(Assignment):
Transcribe, word for word, every line from the one containing "Earthy Tones Kilim" through the final line of the records, and omit the pictures.

═════ Record excerpts ═════

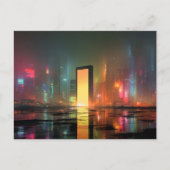 ネオン反射のある未来的な都市景観 ポストカード (正面)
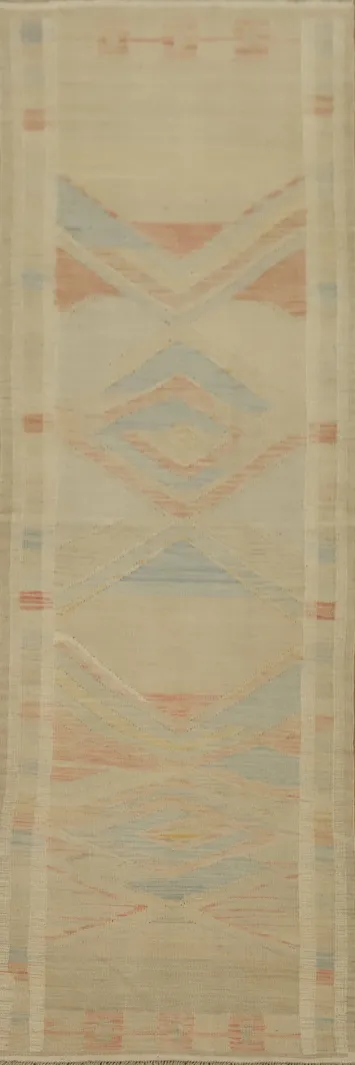 Earthy Tones Kilim Vegetable Dye Runner Rug 3x10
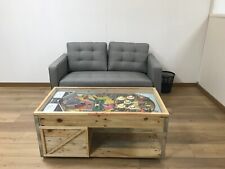 objet rare table basse flipper bois brut clair avec plateau Williams éclairé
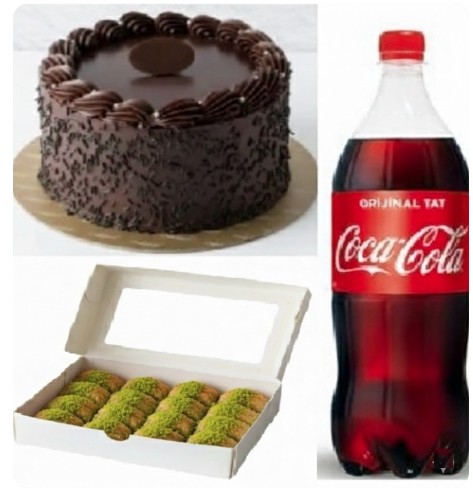 Kare Dikdörtgen Yaş Pasta + Fıstıklı Baklava 6-9 Kişilik Menü
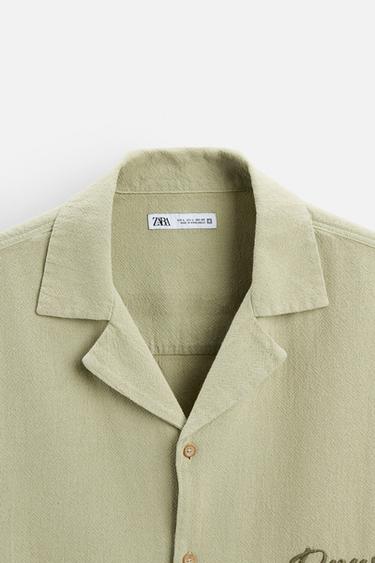 Zara STRUCTURED EMBROIDERED SHIRT - Light khaki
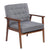 Retro Modern Fabric Upholstered Wooden Lounge Chair Gray【75x69x84CM】Living Room Chairs 3 Colors Antique Sofa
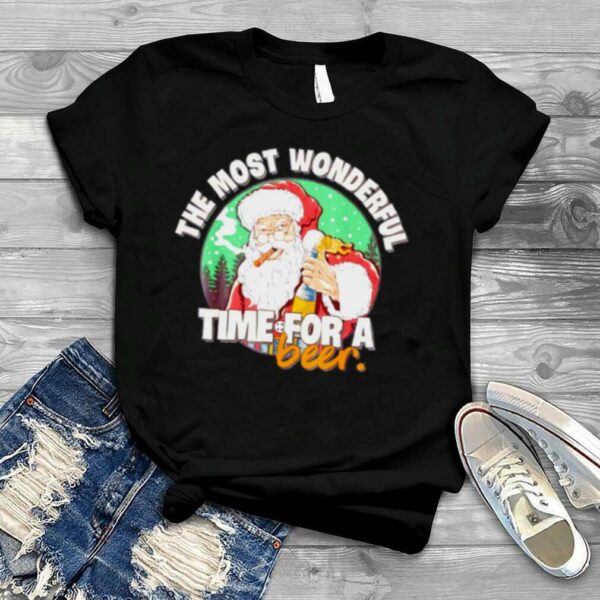 the most wonderful Christmas time for a beer naughty Santa shirt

═════

(The completed task):
 Earthy Tones Kilim Vegetable Dye Runner Rug 3x10
 objet rare table basse flipper bois brut clair avec plateau Williams éclairé
 Kare Dikdörtgen Yaş Pasta + Fıstıklı Baklava 6-9 Kişilik Menü
 Zara STRUCTURED EMBROIDERED SHIRT - Light khaki
 Retro Modern Fabric Upholstered Wooden Lounge Chair Gray【75x69x84CM】Living Room Chairs 3 Colors Antique Sofa
 the most wonderful Christmas time for a beer naughty Santa shirt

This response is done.